W sieci nie brakowało także bardzo emocjonalnych opinii. Jedna z użytkowniczek napisała:
– W kraju, w którym alkoholizm stanowi ogromny problem żabka wprowadza abonament na piwo. Nienawidzę ich i szczerze życzę, by pomysłodawcy musieli odbyć prace społeczne przy dzieciach, które zostały odebrane rodzicom alkoholikom.
Sieć odpowiada: nie mamy do czynienia z abonamentem
Pomysł Żabki wywołał także reakcję samej sieci, która podkreśla, że nie oferuje żadnego abonamentu. Przedstawiciele firmy tłumaczą w przesłanym do nas oświadczeniu:
– Pragniemy ponadto podkreślić, że oferta „24 piwa w cenie 12” nie jest abonamentem – jest to promocja ograniczona czasowo, która nie ulega automatycznemu przedłużeniu. Zgodnie z obowiązującym prawem, akcja skierowana jest wyłącznie do zamkniętej grupy zarejestrowanych, pełnoletnich użytkowników aplikacji Żappka.

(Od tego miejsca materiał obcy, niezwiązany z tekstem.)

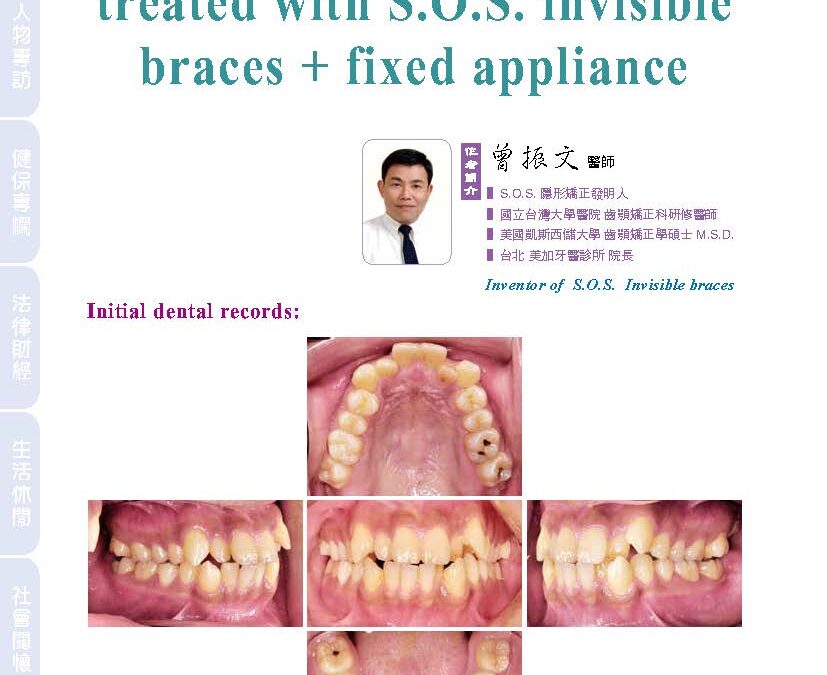 A 4 bicuspids extraction case treated with S.O.S. invisible braces + fixed appliance｜曾醫師學術專欄｜天母美加牙醫診所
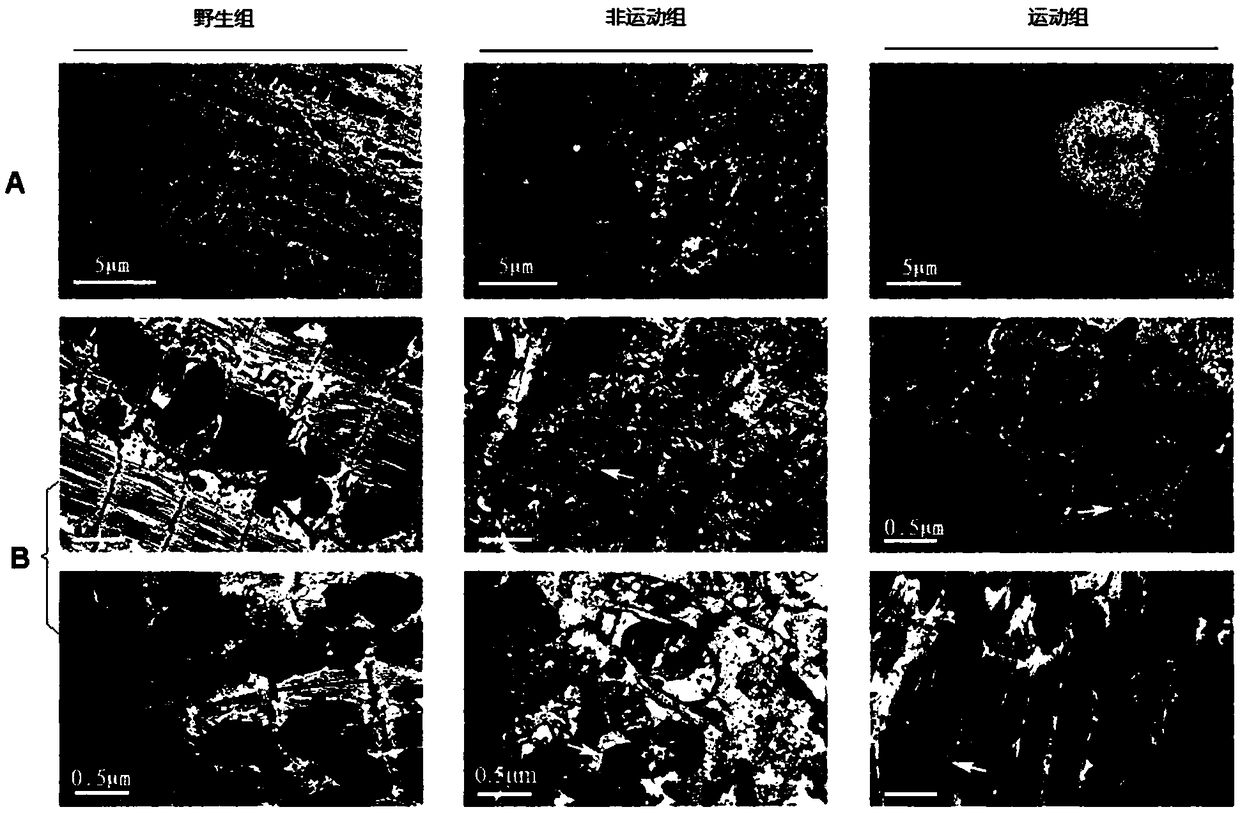 Application of HDAC4 inhibitor in preparing medicine for treating heart failure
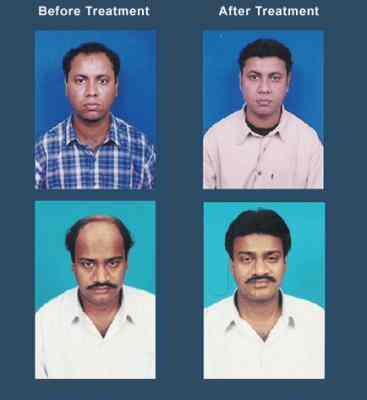 Pravin Hair Weaving Wigs Photos Bandra East Mumbai Pictures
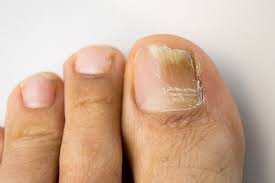 types ses of toenail fungus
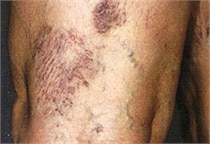laser-vein-therapy-before-02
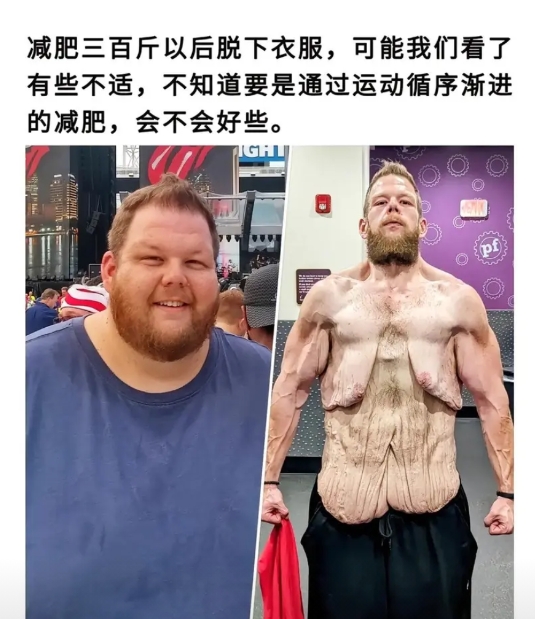 这是抽脂了吗？还是快速减肥？太吓人了...还是管住嘴迈开腿吧。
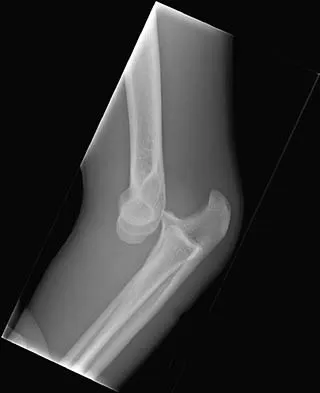 Trauma Board Review 2006: High-Yield MCQs (Set 2) - Figure 2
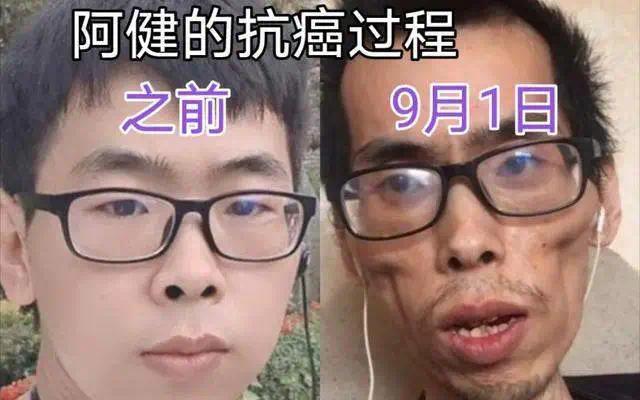 34岁博主患肠癌离世，一年时间瘦成骷髅！4个习惯易招癌，赶紧改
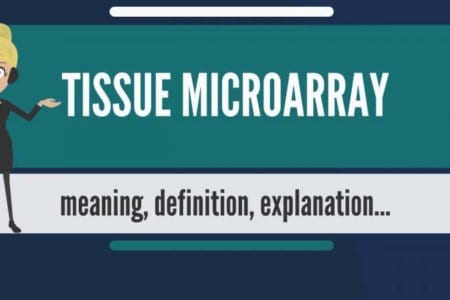 Tissue Microarray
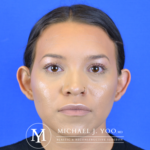 Otoplasty Before & After Patient #2832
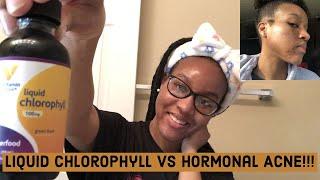 I Tried Drinking Liquid Chlorophyll Water to Cure my Hormonal Cystic Acne! Before and After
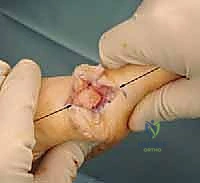 Mastering the Distal Chevron Osteotomy: An Intraoperative Guide for Hallux Valgus Correction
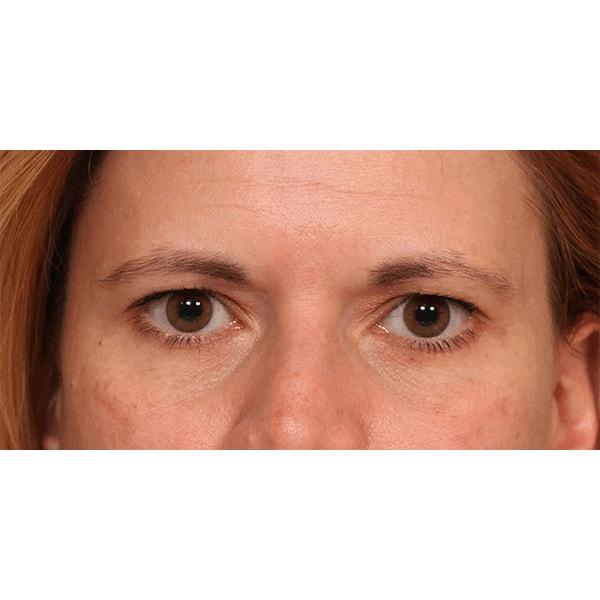 Brow Lift before at Fante Eye & Face Centre in Denver, CO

Firma wyjaśnia również, że podobne promocje – gdzie klient dostaje dodatkowe sztuki przy zakupie większego zestawu – są obecne w wielu innych sklepach.
- Jej celem jest odpowiedź na popularne na rynku oferty typu „12+12 sztuk gratis”, umożliwiając klientom zakup produktów w korzystnym cenowo modelu wielosztukowym. W ramach promocji klienci mogą wybierać spośród 11 pakietów, w tym piw bezalkoholowych. Nabyte produkty można odebrać w wybranym sklepie w ciągu 20 dni od daty zakupu, jednorazowo maksymalnie 24 sztuki. Akcja trwa do 6 maja 2025 roku lub do wyczerpania zapasów
– tłumaczą przedstawiciele sieci.
Czy UOKiK przyjrzy się sprawie?
W przeszłości temat promowania alkoholu przez sieci handlowe już trafiał pod lupę Urzędu Ochrony Konkurencji i Konsumentów.
Jak podaje Business Insider, urząd badał podobne akcje Żabki, lecz nie dopatrzył się złamania przepisów.